I now declare the polls open for voting on the term, on the items of today's agenda. I will turn to the discussion of the first item of business. The first and principal item of business before the meeting is the approval and adoption of the agreement and plan of merger, dated as of September 28, 2025, as amended by Amendment No. 1 and Amendment No. 2, which we collectively refer to as the merger agreement by and among RYVYL Inc and RYVYL Merger Sub, Inc and RTB Digital, Inc, and the transactions contemplated thereby, including the merger of RYVYL Merger Sub, Inc with and into RTB Digital, Inc, with RTB Digital as a surviving and as a wholly owned subsidiary of RYVYL.

The second item of business before the meeting is to approve an amendment to the RYVYL amended and restated articles of incorporation, as amended to effect the change of the name from RYVYL to RTB Digital, Inc.

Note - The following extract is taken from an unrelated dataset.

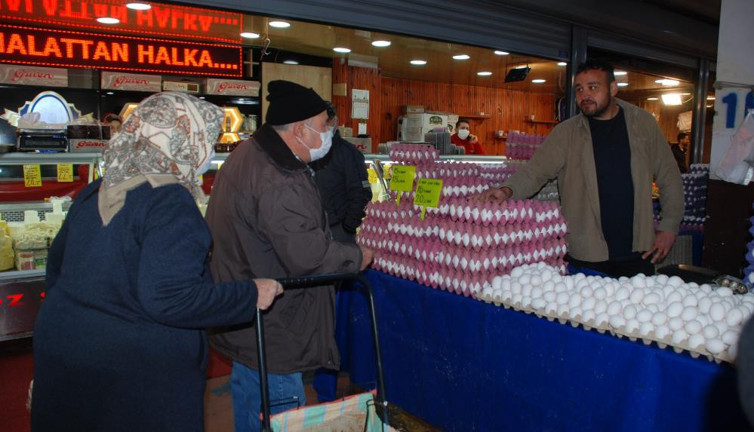 Obez yumurtacı 100 kilo verdi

The final item of business asks stockholders to approve the adjournment of the special meeting if necessary and appropriate, to solicit additional votes if there are insufficient votes at the time of the special meeting to approve Proposal 1 and/or Proposal 2. If you have not already done so and wish to vote or change your vote, please do so now. I will provide a 30-second pause to allow any final electronic votes to be submitted. There being no further ballots to be cast, I now declare the polls closed. The Inspector of Election will tabulate the votes cast on each proposal. I have received the preliminary report of the Inspector of Election.

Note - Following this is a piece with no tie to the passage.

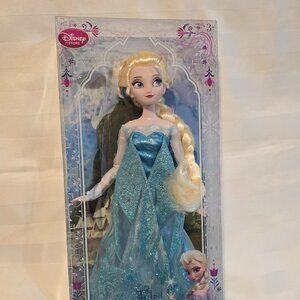 NRFB 2013 Disney Frozen Elsa classic princess doll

Based on that report, I am pleased to announce that the following preliminary results of today's voting. Proposal 1, approval and adoption of the merger agreement and the merger has been approved by the shareholders. Proposal 2, approval of amending our amended and restated articles of incorporation to effect the name change to RTB Digital, Inc, which implementation is contingent on proposal 1 being approved, has been approved by shareholders. Proposal 3, the adjournment proposal, has been approved by stockholders. The final report of the Inspector of Election will be filed with the minutes of this meeting. The final tabulation of these votes will appear in our required Form 8-K to be filed with the Securities and Exchange Commission. There being no further business to come before the special meeting of the stockholders, this meeting is now adjourned.

On behalf of the Board of Directors and management of RYVYL Inc, thank you for your time and, most importantly, your continued support. Have a good afternoon and evening.

Operator

The meeting has now concluded. Thank you for your participation.